Deeply Spiritual
Spirits are everywhere. Picture us billowing around you like steam in the bathroom when you’ve had a hot shower. We’re almost always invisible. Our bodies are gone but our essence remains, quietly attached to the places where we suffered, lived, loved and died. Most emotions only matter to the person experiencing them and the same applies to spirits. We just want to mind our own business. If we like you, we become protective and may try to reach you with warnings or advice. Ignore the Hollywood stereotypes which give us all a bad name. Most of us hate melodrama.
There are exceptions. Catherine Howard’s ghost is reputed to run along the corridors of Hampton Palace begging Henry for mercy, understandable since he’d ordered her beheading. I was over eighty when I passed on, so my spirit’s not up to running anywhere. Then there are the headless horsemen. As spirits, we don’t have bodies as such, but in my opinion, it would be very inconvenient to have to carry your head around under your arm. I would not dream of wailing in a storm when a death is about to occur, and I do not go about making noises in the night. Most unladylike.
I was born in 1890. My husband was killed in the first World War.
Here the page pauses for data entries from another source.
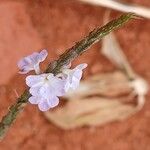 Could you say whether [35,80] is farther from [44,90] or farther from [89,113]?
[89,113]

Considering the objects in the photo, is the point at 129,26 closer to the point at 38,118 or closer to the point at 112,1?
the point at 112,1

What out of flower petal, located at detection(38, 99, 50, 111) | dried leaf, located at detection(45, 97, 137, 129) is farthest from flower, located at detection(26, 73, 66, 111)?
dried leaf, located at detection(45, 97, 137, 129)

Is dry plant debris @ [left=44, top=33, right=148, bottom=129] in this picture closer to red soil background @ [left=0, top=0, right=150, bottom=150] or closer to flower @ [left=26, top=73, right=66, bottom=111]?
red soil background @ [left=0, top=0, right=150, bottom=150]

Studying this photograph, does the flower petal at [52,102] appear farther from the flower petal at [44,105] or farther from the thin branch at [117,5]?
the thin branch at [117,5]

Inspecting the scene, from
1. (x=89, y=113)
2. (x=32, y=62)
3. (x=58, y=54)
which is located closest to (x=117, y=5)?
(x=58, y=54)

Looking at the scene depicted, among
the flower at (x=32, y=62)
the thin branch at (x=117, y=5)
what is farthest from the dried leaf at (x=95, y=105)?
the flower at (x=32, y=62)

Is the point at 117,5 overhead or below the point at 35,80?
below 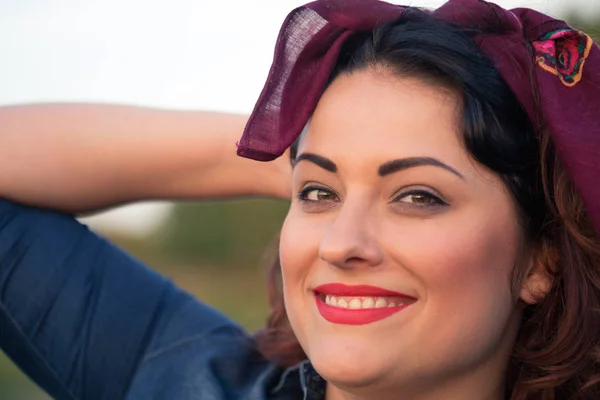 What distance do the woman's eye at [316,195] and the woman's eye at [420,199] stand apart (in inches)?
7.2

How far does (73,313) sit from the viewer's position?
2730 mm

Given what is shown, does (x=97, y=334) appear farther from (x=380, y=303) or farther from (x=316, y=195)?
(x=380, y=303)

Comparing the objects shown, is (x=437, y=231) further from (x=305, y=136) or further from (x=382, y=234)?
(x=305, y=136)

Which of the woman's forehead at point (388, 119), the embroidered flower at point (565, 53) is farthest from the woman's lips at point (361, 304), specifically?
the embroidered flower at point (565, 53)

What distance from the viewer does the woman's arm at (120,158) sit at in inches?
110

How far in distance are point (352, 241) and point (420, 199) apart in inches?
7.8

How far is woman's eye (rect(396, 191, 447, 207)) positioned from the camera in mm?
2277

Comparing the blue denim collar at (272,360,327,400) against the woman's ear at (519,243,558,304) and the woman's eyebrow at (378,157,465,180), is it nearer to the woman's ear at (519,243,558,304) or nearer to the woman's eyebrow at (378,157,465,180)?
the woman's ear at (519,243,558,304)

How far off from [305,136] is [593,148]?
26.1 inches

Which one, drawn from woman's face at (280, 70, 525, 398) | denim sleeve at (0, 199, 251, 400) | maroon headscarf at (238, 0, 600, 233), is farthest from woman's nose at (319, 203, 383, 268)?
denim sleeve at (0, 199, 251, 400)

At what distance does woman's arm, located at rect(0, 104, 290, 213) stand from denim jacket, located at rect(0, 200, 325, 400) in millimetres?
106

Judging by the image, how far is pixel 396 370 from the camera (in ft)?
7.39

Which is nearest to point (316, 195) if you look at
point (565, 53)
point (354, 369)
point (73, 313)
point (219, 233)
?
point (354, 369)

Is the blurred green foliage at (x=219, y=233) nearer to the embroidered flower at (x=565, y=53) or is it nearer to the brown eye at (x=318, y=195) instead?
the brown eye at (x=318, y=195) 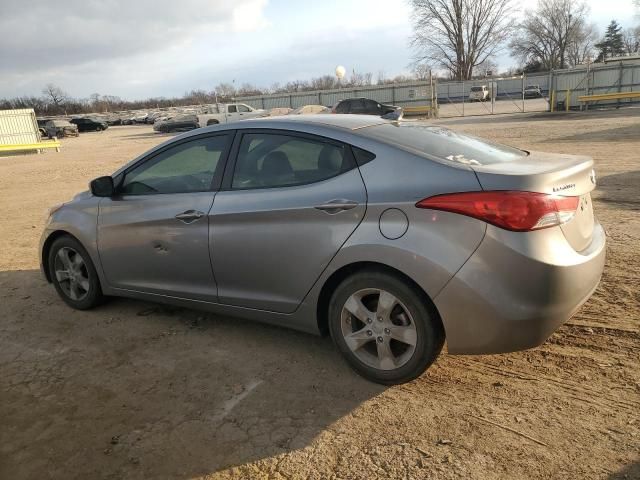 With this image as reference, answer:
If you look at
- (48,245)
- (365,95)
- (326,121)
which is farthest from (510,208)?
(365,95)

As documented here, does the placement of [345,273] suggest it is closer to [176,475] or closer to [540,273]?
[540,273]

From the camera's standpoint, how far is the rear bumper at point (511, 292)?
8.84 feet

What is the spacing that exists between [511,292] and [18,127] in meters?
32.0

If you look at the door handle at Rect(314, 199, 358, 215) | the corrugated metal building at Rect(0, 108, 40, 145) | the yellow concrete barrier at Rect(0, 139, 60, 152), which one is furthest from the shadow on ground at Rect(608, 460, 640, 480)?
the corrugated metal building at Rect(0, 108, 40, 145)

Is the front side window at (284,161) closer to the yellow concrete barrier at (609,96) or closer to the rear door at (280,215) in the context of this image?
the rear door at (280,215)

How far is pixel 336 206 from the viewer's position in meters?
3.15

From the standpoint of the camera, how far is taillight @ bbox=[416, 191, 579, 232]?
2703mm

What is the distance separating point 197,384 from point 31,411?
3.30 feet

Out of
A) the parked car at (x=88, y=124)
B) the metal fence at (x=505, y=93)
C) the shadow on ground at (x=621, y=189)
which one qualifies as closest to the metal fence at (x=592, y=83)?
the metal fence at (x=505, y=93)

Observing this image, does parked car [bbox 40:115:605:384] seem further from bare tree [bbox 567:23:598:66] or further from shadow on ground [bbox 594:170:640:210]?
bare tree [bbox 567:23:598:66]

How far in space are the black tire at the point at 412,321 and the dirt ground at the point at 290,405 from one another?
0.11 meters

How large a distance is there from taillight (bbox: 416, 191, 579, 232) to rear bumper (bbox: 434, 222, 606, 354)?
1.9 inches

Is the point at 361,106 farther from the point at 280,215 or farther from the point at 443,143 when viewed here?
the point at 280,215

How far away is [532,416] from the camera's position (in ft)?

I quietly haunt this house where I loved and lost and suffered. I’ve seen families come and go over the years since and shaken my head over some of their home decorating tastes, but I have never bothered anyone, and no one has bothered me.
Homes, especially old ones, are often occupied by multiple spirits from different times. Spirits are generally solitary, but we do encounter each other now and then. The house I haunt was built in the 1700s, so there are a few of us. There’s a little servant boy from that era who loves playing practical jokes. It’s very irritating, but he had a hard life and died young, so I make allowances. Let him have a little fun. There’s also a young lady who died of typhoid not long after her wedding in 1800. Sometimes we commiserate with each other. Sometimes we tell jokes though they're not always very funny a hundred years later .
Why haven’t you seen us if we’re all around? Has your dog ever growled at nothing? Has your cat leapt out of a chair for no apparent reason? Does your child talk to imaginary friends? Have you felt a prickling at the back of your neck, seen a glimpse of movement from the corner of your eye, had a premonition or a strange dream? Trust your intuition. One of us could be nearby.